Rotasyonu anladık da, bu kadarını ilk kez görüyorum... Allah var, bu kadar çarpıcı bir rotasyon her Babayiğit'in harcı olamaz... Buna kocaman bir yürek gerek...
Üstelik, üç hedefin içinde en şanslı bulunduğunuz bir hedefi, böyle bir onbirle oynamak büyük riskler de taşıyordu... Aykut Hoca bunu göze aldı ve rövanş için avantajlı bir sonuç elde etti...

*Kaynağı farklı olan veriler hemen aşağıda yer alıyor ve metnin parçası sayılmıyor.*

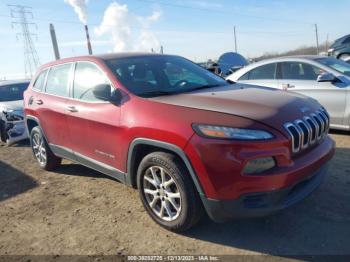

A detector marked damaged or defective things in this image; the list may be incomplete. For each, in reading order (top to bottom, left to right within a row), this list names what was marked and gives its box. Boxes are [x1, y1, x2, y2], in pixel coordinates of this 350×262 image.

damaged vehicle [0, 80, 29, 145]
wrecked car [0, 80, 29, 145]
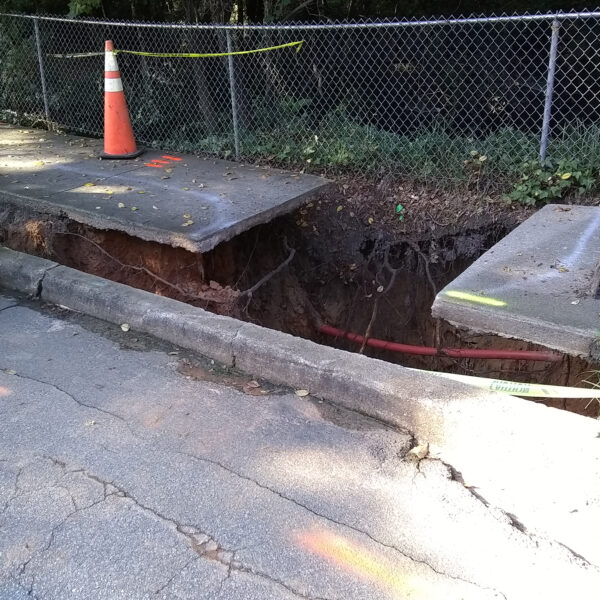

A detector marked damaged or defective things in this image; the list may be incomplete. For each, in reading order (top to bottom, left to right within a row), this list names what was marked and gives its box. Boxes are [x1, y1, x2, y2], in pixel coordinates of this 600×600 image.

broken concrete edge [1, 245, 600, 568]
cracked asphalt road [1, 288, 600, 596]
broken concrete edge [432, 296, 600, 358]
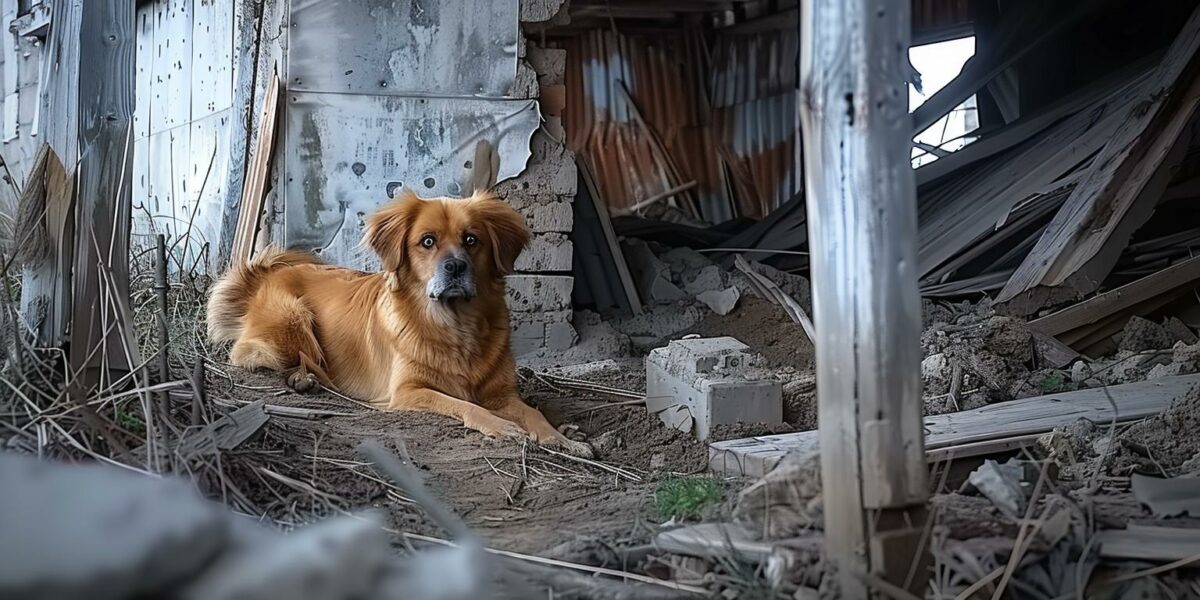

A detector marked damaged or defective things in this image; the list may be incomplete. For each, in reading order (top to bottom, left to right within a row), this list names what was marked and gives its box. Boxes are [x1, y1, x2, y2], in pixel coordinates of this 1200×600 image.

peeling wall paint [284, 93, 536, 264]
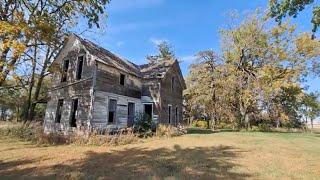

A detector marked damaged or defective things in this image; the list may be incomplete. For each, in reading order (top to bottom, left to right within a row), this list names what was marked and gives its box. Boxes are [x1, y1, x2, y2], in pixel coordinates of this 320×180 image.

Aslında Eskişehirspor, özellikle ikinci yarıda tek kaleye çevirdiği maçın final paslarının tamamına yakınında "ofsaytta" kalınca, tur şansını da ofsayta düşürdü...
İşin ilginç yanı, üç gün önce tam kadrolu Fenerbahçe'ye "kök söktüren" Eskişehirspor, "yedek" Fenerbahçe önünde aynı etkinliği gösteremedi...
Fenerbahçe'nin beraberlik golünde Mehmet Topal'ın vücudundan sekip koluyla buluşan topa elbette "elle oynama" verilebilirdi... Yunus Yıldırım devam ettirip golü vermeyi uygun buldu...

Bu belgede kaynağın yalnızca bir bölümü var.